Killing birds with guns is known as ‘shooting’ in Britain. It is a
minority pastime confined largely to the higher social classes; there
are more than three times as many licensed guns for this purpose in
France as there are in Britain. The birds which people try to shoot
(such as grouse) may only be shot during certain specified times of the
year. The upper classes often organize ‘shooting parties’ during the
‘season’. The British do not shoot small animals or birds for sport,
though some farmers who shoot rabbits or pigeons may enjoy doing so. But
‘game birds’, mainly pheasant, grouse and partridge, have traditionally
provided sport for the landowning gentry. Until Labour’s election
victory of 1964 many of the prime ministers of the past two hundred
years, along with members of their cabinets, had gone to the grouse
moors of Scotland or the Pennines for the opening of the shooting season
on 12 August. Since 1964 all that has changed. Now there are not many
leading British politicians carrying guns in the shooting parties,
though there may be foreign millionaires, not all of them from America.
Some of the beaters, whose job is to disturb the grouse so that they fly
up to be shot, are students earning money to pay for trips abroad. But
there is still a race to send the first shot grouse to London
restaurants, where there are people happy to pay huge amounts of money
for the privilege of eating them.

The only kind of hunting which is associated with the working class is
hare-coursing, in which greyhound dogs chase hares. However, because the
vast majority of people in Britain are urban dwellers, this too is a
minority activity.

The one kind of ‘hunting’ which is popular among all social classes is
fishing. In fact, this is the most popular participatory sport of all in
Britain. Between four and five million people go fishing regularly. When
fishing is done competitively, it is called ‘angling’. The most popular
of all outdoor sports is fishing, from the banks of lakes or rivers or
in the sea, from jetties, rocks or beaches. Some British lakes and
rivers are famous for their trout or salmon, and attract enthusiasts
from all over the world.

Apart from being hunted, another way in which animals are used in sport
is when they race. Horse-racing is a long-established and popular sport
in Britain, both ‘flat racing’ and ‘national hunt’ racing (where there
are jumps for the horses), sometimes known as ‘steeplechase’. The former
became known as ‘the sport of kings’ in the seventeenth century, and
modern British royalty has close connections with sport involving
horses. Some members of the royal family own racehorses and attend
certain annual race meetings (Ascot, for example); some are also active
participants in the sports of polo and show-jumping (both of which
involve riding a horse). The steeplechase (crosscountry running) is very
popular in most European countries. The first known organized
crosscountry race in 1837 was the Crick Run at Rugby School. Originally,
crosscountry running took place over open country where the hazards were
the natural ones to be found in the country. These included hedges,
ditches, streams and the like. Schools and some clubs still run over
open country. Sometimes, however, the competitors run off the course as,
on one occasion, happened to all the runners in a race. Because of this,
the organization of these races has to be very strict. Nowadays,
crosscountry races (or steeplechases) are often run in an enclosed area
where the hazards are artificial. This makes organization easier.

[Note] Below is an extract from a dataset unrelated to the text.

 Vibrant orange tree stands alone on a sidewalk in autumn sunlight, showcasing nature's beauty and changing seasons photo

The chief attraction of horse-racing for most people is the opportunity
it provides for gambling (see below). Greyhound racing, although
declining, is still popular for the same reason. In this sport, the dogs
chase a mechanical hare round a racetrack. It is easier to organize than
horse-racing and ‘the dogs’ has the reputation of being the ‘poor man’s
racing’. Greyhound racing has had a remarkable revival in the 1980s, and
by 1988 it accounted for about a quarter of all gambling. Its stadiums
are near town centres, small enough to be floodlit in the evenings.
Until recently the spectators were mostly male and poor, the
surroundings shabby. The 1980s have changed all this, with the growth of
commercial sponsorship for advertising. There are fewer stadiums and
fewer spectators than in 1970, but the old cloth cap image has become
much less appropriate. But one thing has not changed. The elite of
Britain’s dogs, and their trainers, mostly come from Ireland.

INFORMATION:

Famous (horse) race meetings

The Grand National: at Aintree, near Liverpool, in March or April It is
England’s main steeplechase (race over fences). The course is over seven
kilometres and includes thirty jumps, of which fourteen are jumped
twice. It is a dangerous race Jockeys have been hurt and horses have
been killed.

The Derby: at Epsom, south of London, in May or June. It is England’s
leading flat race (not over fences).

Ascot: near Windsor in June. Very fashionable. The Queen always attends.

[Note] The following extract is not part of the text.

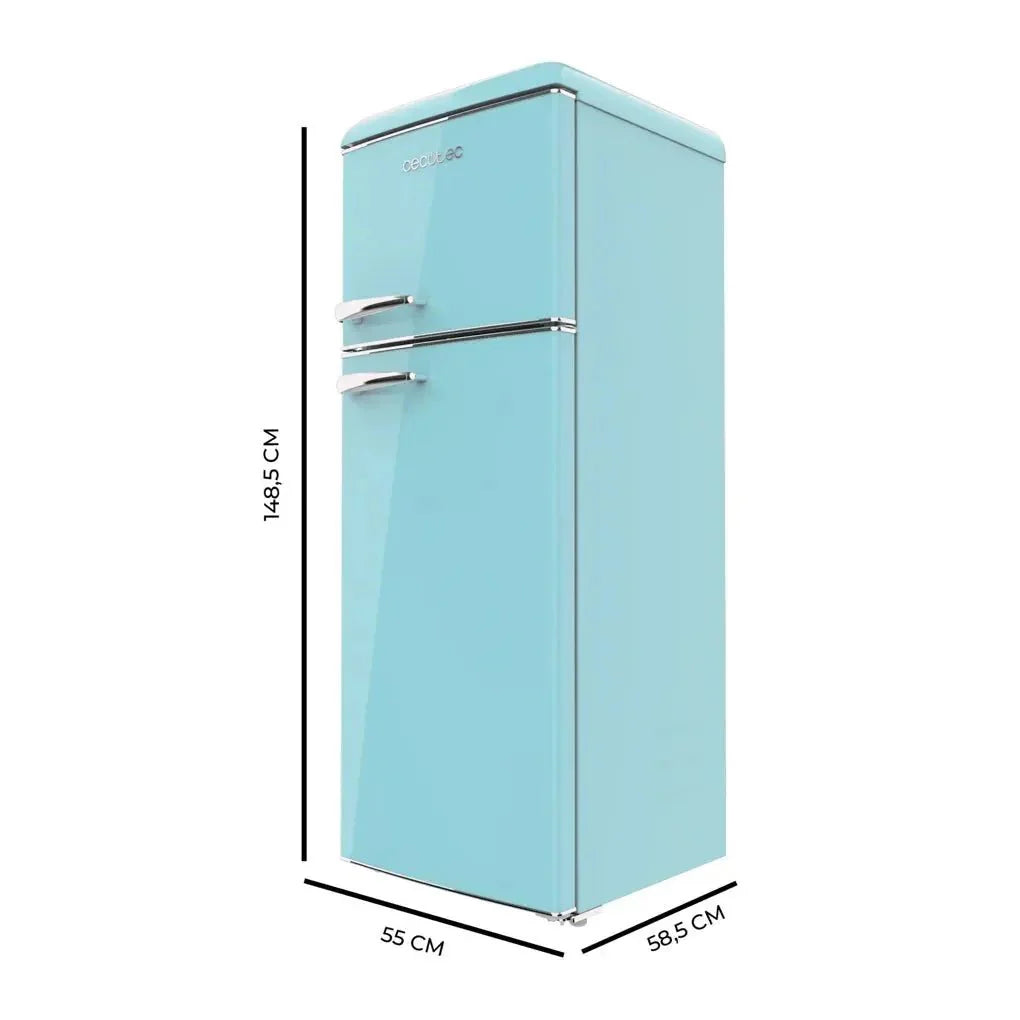 Frigorífico Retro 215L Azul con Ahorro Energético y Control de Temperatura de Cecotec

As I have mentioned horse-racing, I think it will be good to draw
attention to racing in hole.

RACING

There are all kinds of racing in England — horse-racing, motorcar
racing, boat-racing, dog-racing, and even races for donkeys. On sports
days at school boys and girls run races, and even train for them. There
is usually a mile race for older boys, and the one who wins it is
certainly a good runner.

Usually those who run a race go as fast as possible, but there are some
races in which everybody has to go very carefully in order to avoid
falling.

There is the “three-legged” race, for example, in which a pair of
runners have the right leg of one tied to the left leg of the other. If
they try to go too fast they are certain to fall. And there is the
egg-and-spoon race, in which each runner must carry an egg in a spoon
without letting it drop. If the egg does fall, it must be picked up with
the spoon, not the fingers.

Naturally animals don’t race unless they are made to run in some way,
though it often seems as if little lambs are running races with each
other in the fields in spring.

Horses are ridden, of course. Dogs won’t race unless they have something
to chase, and so they are given a hare to go after, either a real one or
an imitation one.

The most famous boat-race in England is between Oxford and Cambridge. It
is rowed over a course on the River Thames, and thousands of people go
to watch it. The eight rowers in each boat have great struggle, and at
the end there is usually only a short distance between the winners and
the losers.

The University boat-race started in 1820 and has been rowed on the
Thames almost every spring since 1836. At the Henly Regatta in
Oxfordshire, founded in 1839, crews from all over the world compete each
July in various kinds of race over a straight course of 1 mile 550 yards
(about 2.1 km).

Horse racing is big business, along with the betting which sustains it.
Every day of the year, except Sundays, there is a race meeting at least
one of Britain’s several dozen racecourses. Nine-tenths of the betting
is done by people all over the country, by post or at local betting
shops, and it is estimated that a tenth of all British men bet regularly
on horse races, many of them never going to a race course.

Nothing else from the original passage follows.